— Brief descriptive captions —

..............................

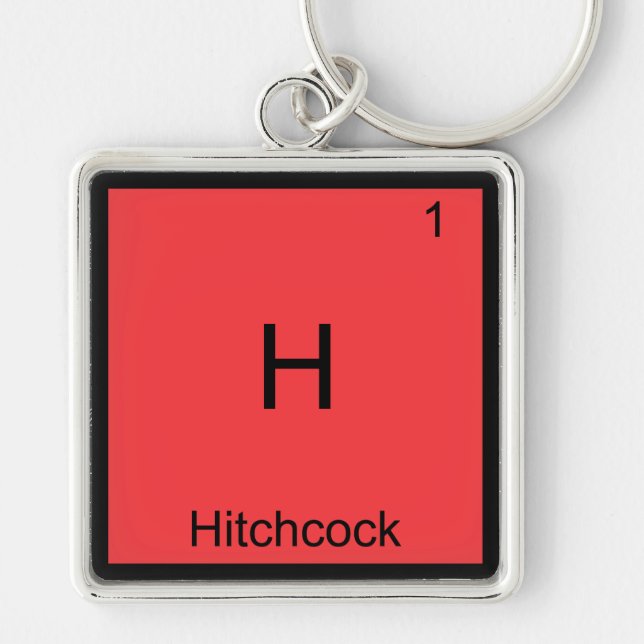 H - Hitchcock Funny Chemistry Element Symbol Tee Keychain (Front)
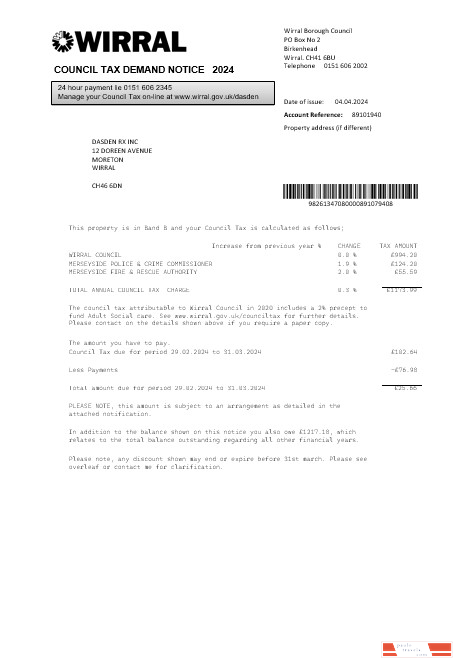 United Kingdom Wirral council tax business utility  bill template in Word and PDF formats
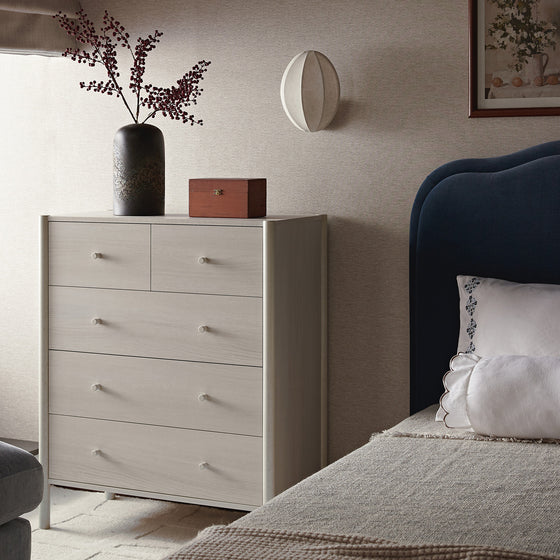 Linden 2-over-3 Chest of Drawers, White Washed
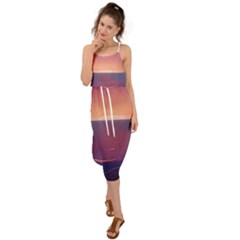 Sunset Ocean Beach Water Tropical Island Vacation Nature Waist Tie Cover Up Chiffon Dress by Pakemis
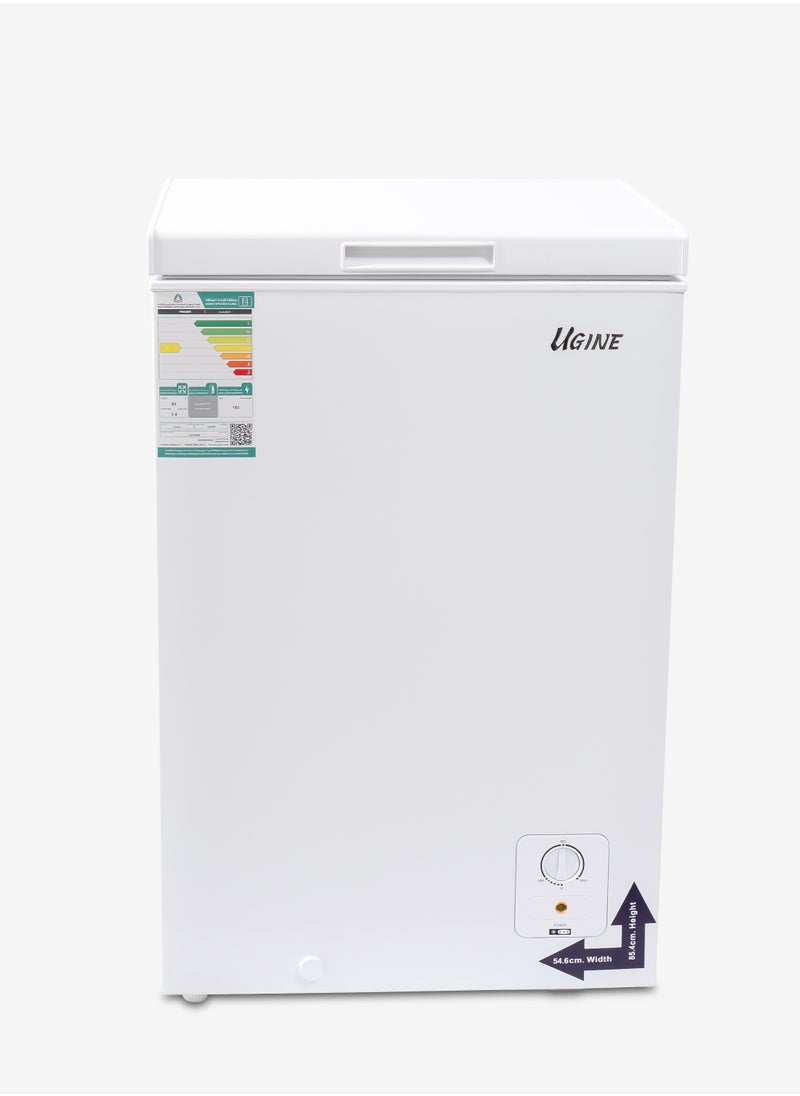 UGINE Ugine Chest Freezer 95 L, 3.3 Cu.Ft, De-Frost, White - UCFK95N  - Image 1
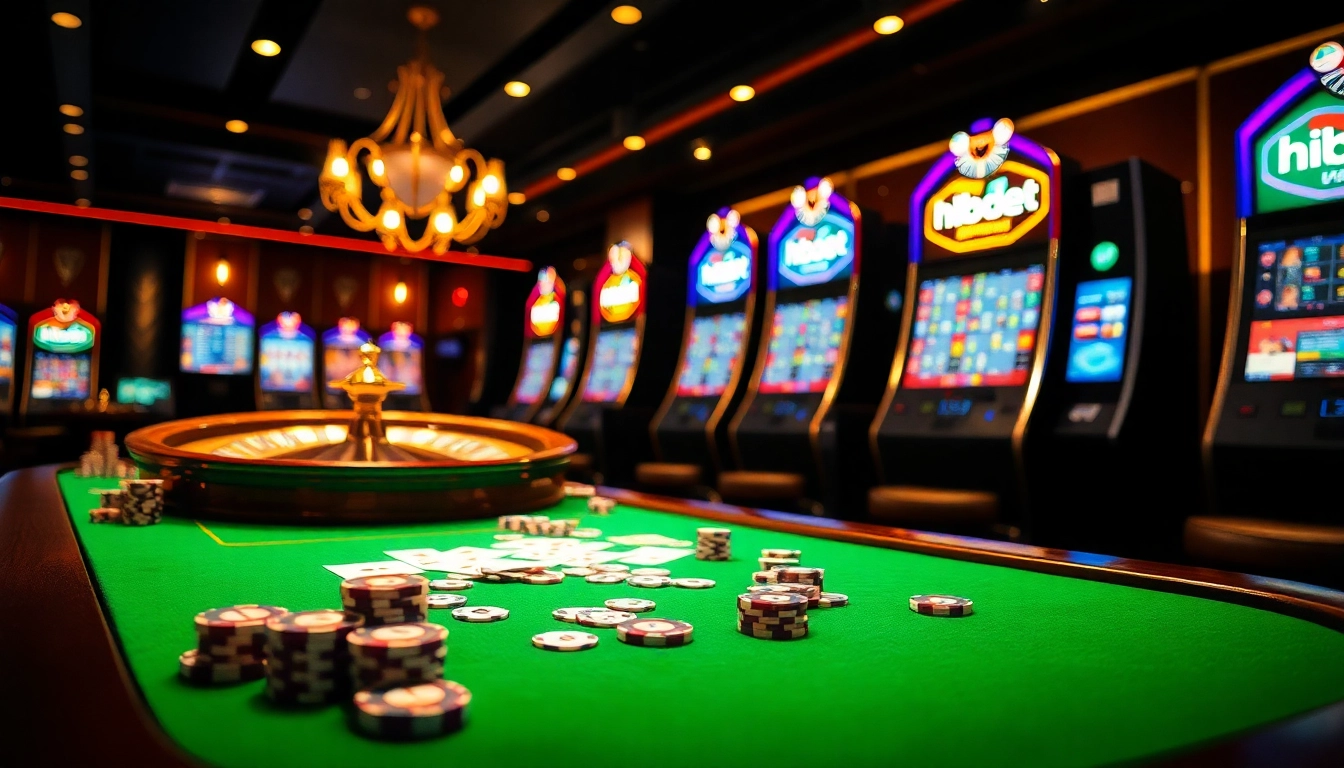 Experience the excitement of hbbet at a luxury casino table with cards and chips.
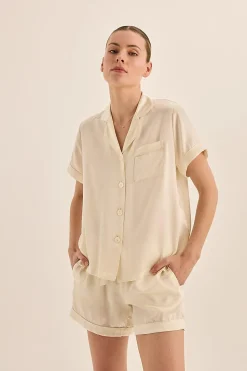 Topaz Ivory Pure Silk Short Sleeve Top and Shorts PJ Set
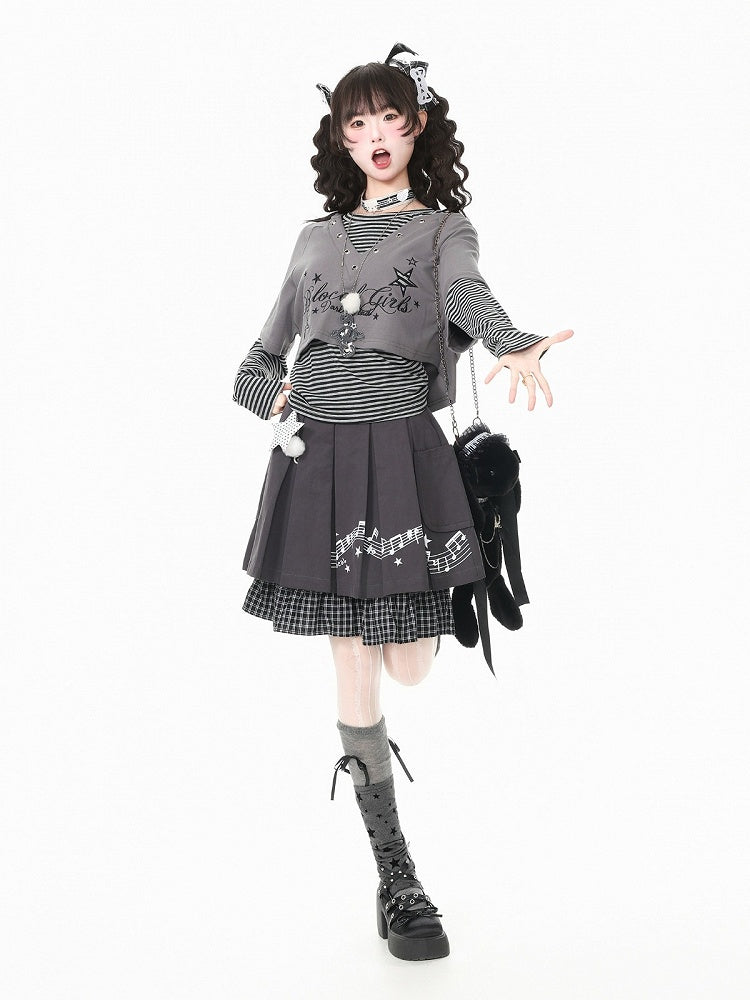 Black & Gray Striped Round Neck Long Sleeve Layering Top - Languid Park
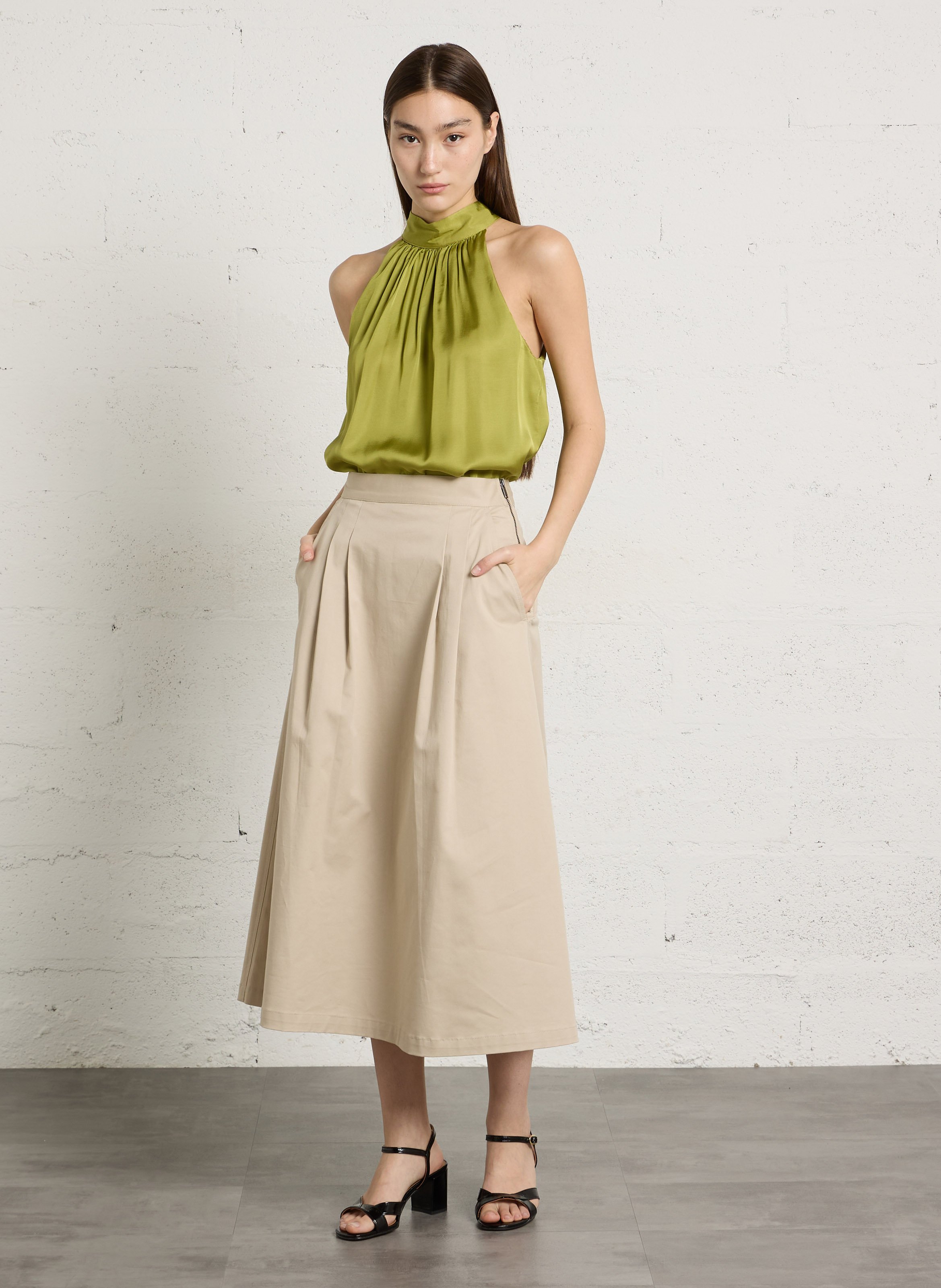 Top col montant IKKS Vert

..............................

— Required work —
Print once more, exactly, the lines that start at the top of the records above and end at the line with "Topaz Ivory Pure", skipping all pictures.

— Finished exercise —
 H - Hitchcock Funny Chemistry Element Symbol Tee Keychain (Front)
 United Kingdom Wirral council tax business utility  bill template in Word and PDF formats
 Linden 2-over-3 Chest of Drawers, White Washed
 Sunset Ocean Beach Water Tropical Island Vacation Nature Waist Tie Cover Up Chiffon Dress by Pakemis
 UGINE Ugine Chest Freezer 95 L, 3.3 Cu.Ft, De-Frost, White - UCFK95N  - Image 1
 Experience the excitement of hbbet at a luxury casino table with cards and chips.
 Topaz Ivory Pure Silk Short Sleeve Top and Shorts PJ Set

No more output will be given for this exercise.